A Song Of Praise

November 26, 2000 / No. 3021


Dear radio friends,

As we look into the mirror of God’s Word, the question we have to answer today is this: Is there in you and in me the desire to praise God? Does the heartfelt knowledge of God’s goodness and wonderful works cause your heart to feel compelled to praise the living God?

The text we will use is Psalm 107:8, 15, 21, and 31. It is the repeated refrain: “Oh that men would praise the LORD for his goodness, and for his wonderful works to the children of men!”

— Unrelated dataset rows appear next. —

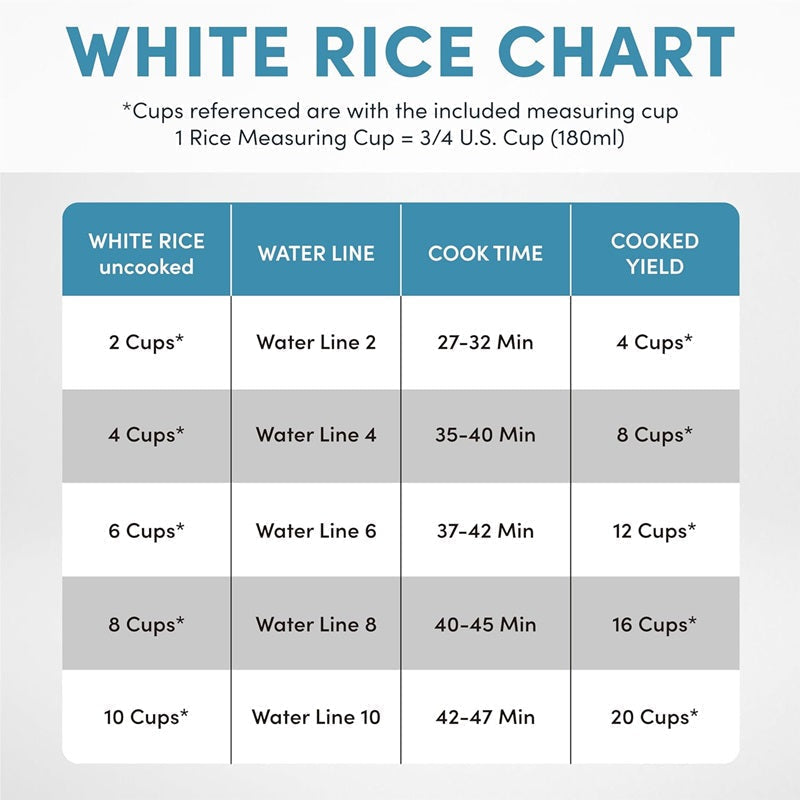 Mosrugs | 20-Cup Multifunctional Digital Rice Cooker – Stainless Steel with Sensor Logic Technology
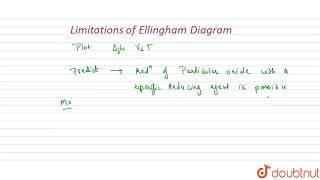 APPLICATIONS OF ELLINGHAM DIAGRAM [upl. by Pelagias]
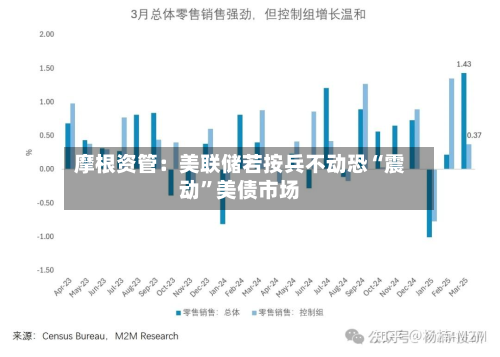 摩根资管：美联储若按兵不动恐“震动”美债市场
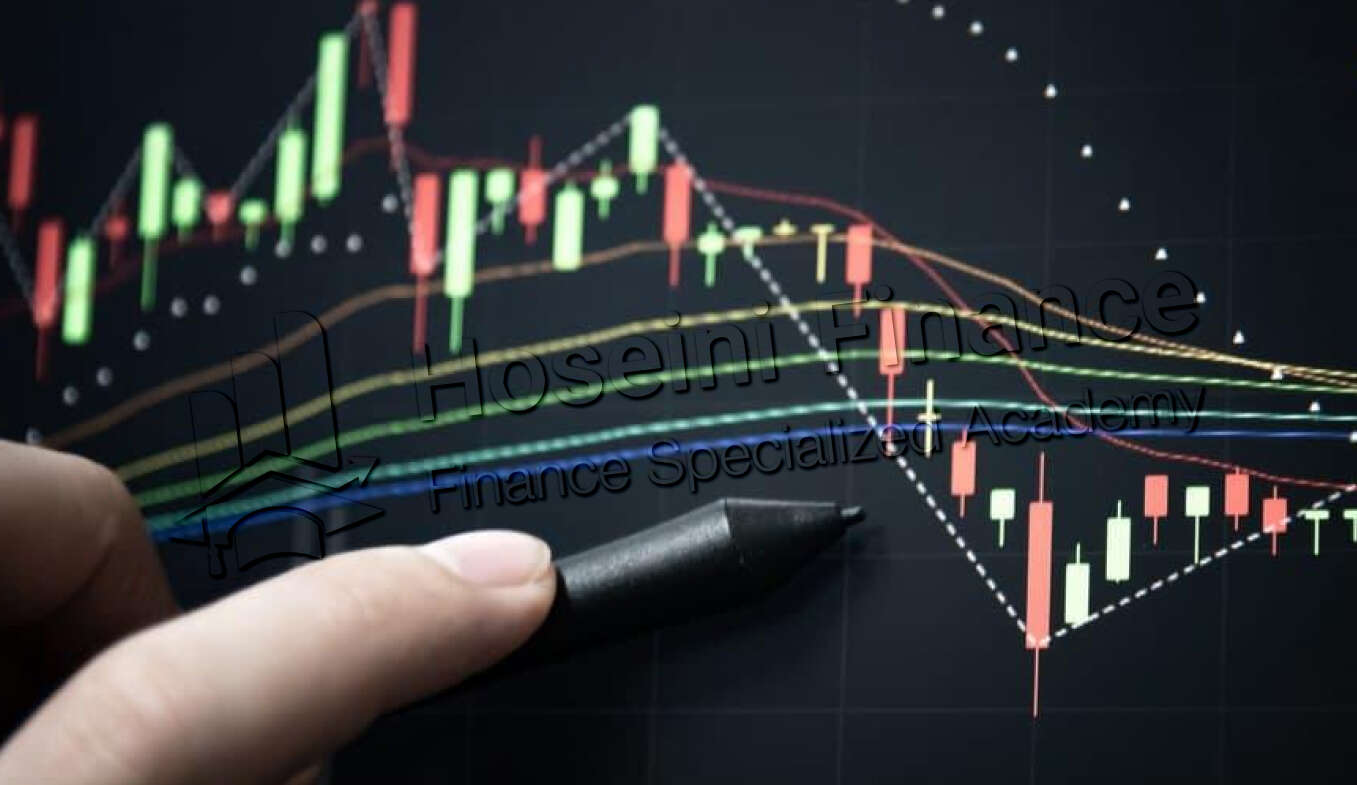 اندیکاتور CMB و نحوه کار با آن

Psalm 107 has four basic sections, each leading to that same verse or theme, four sections alike in that they picture someone who is in distress and who cries to the Lord out of that particular distress. In verses 4-9 we have the picture of a traveler lost in the desert. In verses 10-16 we have the picture of a prisoner in iron bondage. In verses 17-22 we have displayed to us men who are sick. And in verses 23-32 we have sailors who are tossed in the tempest of storm. Each one of these sections concludes with our text. It is like a piece of music with a certain theme, the conductor giving variations on that theme, only to come back to it again. So the psalmist gives four different variations, four different distressful situations, only to come back to that theme, to his purpose in the psalm: “Oh that men would praise the LORD for his goodness, and for his wonderful works to the children of men!” The question we have to answer today is this: Can you say that verse? Do you feel compelled to thank and praise the Lord for His goodness and for His wonderful works to you?

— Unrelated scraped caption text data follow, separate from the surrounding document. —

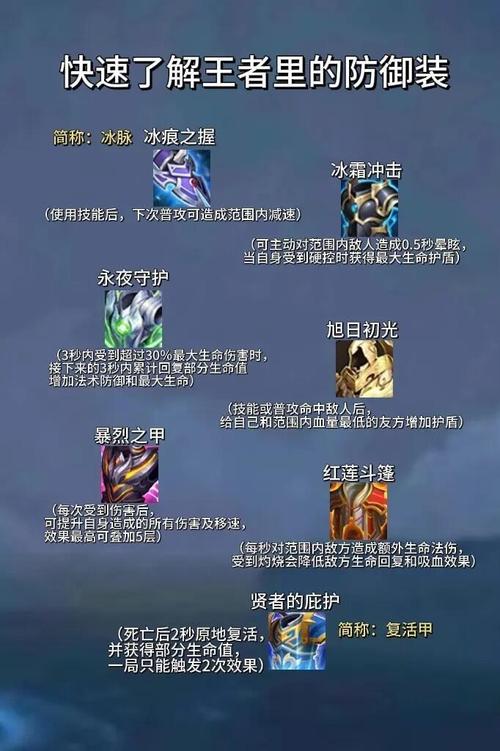 王者荣耀装备大全介绍,王者荣耀所有装备详情-第4张图片-于都网 王者荣耀装备大全介绍,王者荣耀所有装备详情-第4张图片-于都网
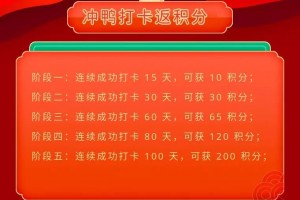 2020冲鸭打卡返200积分遇见更好的自己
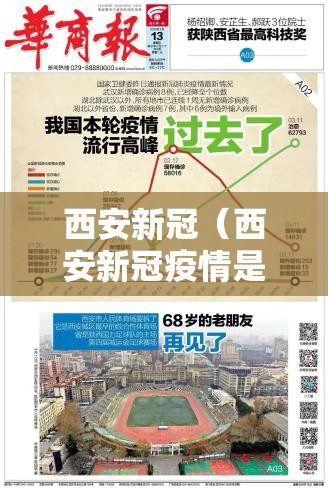 西安新冠(西安新冠疫情是哪一年开始的) 西安新冠(西安新冠疫情是哪一年开始的)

Now, if you have your Bible opened to Psalm 107, observe with me in the opening verses (1-3) that the psalmist calls the church together. He calls a meeting, as it were a massed choir, of Christians of all ages and all places, and he exhorts: “O give thanks unto the LORD, for he is good: for his mercy endureth for ever.” Then he says that this must be done by all of God’s people, regardless of their particular circumstances. “Let the redeemed of the LORD say so, whom he hath redeemed from the hand of the enemy; and gathered them out of the lands, from the east, and from the west, from the north, and from the south.” Such is his cry. East, west, north, south – from every point of the compass, from different temperaments and experiences; he calls all of God’s people to sing the same song: “O give thanks unto the LORD….” And with the repeated chorus: “Oh that men would praise the LORD for his goodness, and for his wonderful works to the children of men!”

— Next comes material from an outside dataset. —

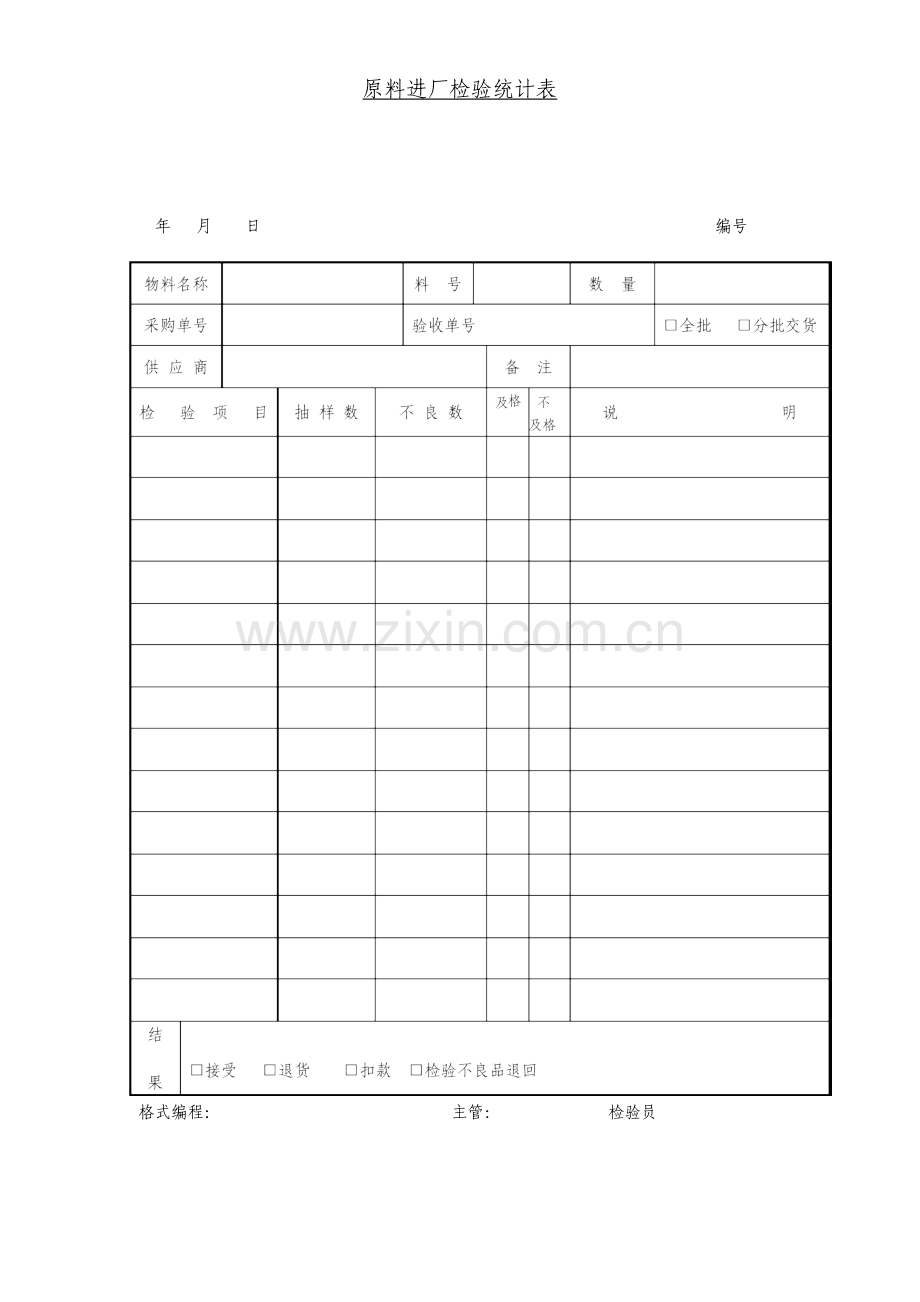 原料进厂检验记录表模板.doc_第1页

Now, as I said, the psalm is really divided into four sections or four different experiences out of which men come to a heartfelt desire to praise and to thank God. Those four experiences are: travelers lost in the desert, prisoners in bondage, sick men, and sailors in a storm. Although the experiences are particular and unique, yet really they are the same. When we view them superficially they seem to be different. Yet, fundamentally, they are identical. They are problems that men face through various outward circumstances, but they have a common root to them. That common root is sin. All four describe the hopeless case that a person finds himself in because of sin. And the cry of the child of God arises out of his own understanding and distress of sin.

Let us look briefly at those four cases.

There is, first of all, the case of a traveler wandering hopelessly in the wilderness (vv. 4-9). “They wandered in the wilderness,” we read, “in a solitary way; they found no city to dwell in. Hungry and thirsty, their soul fainted in them.” He is referring, perhaps, to Israel in the desert for forty years. He pictures those who are looking for a city to dwell in. They are lost and without water, parched and thirsty, seeking but not finding, withered and dried up within, lonely and solitary, looking for what will give them rest and sustenance. They cross desert lands. They are deluded by mirages. They are tired and hungry and thirsty, looking there and then here and still looking for that rest and peace and satisfaction.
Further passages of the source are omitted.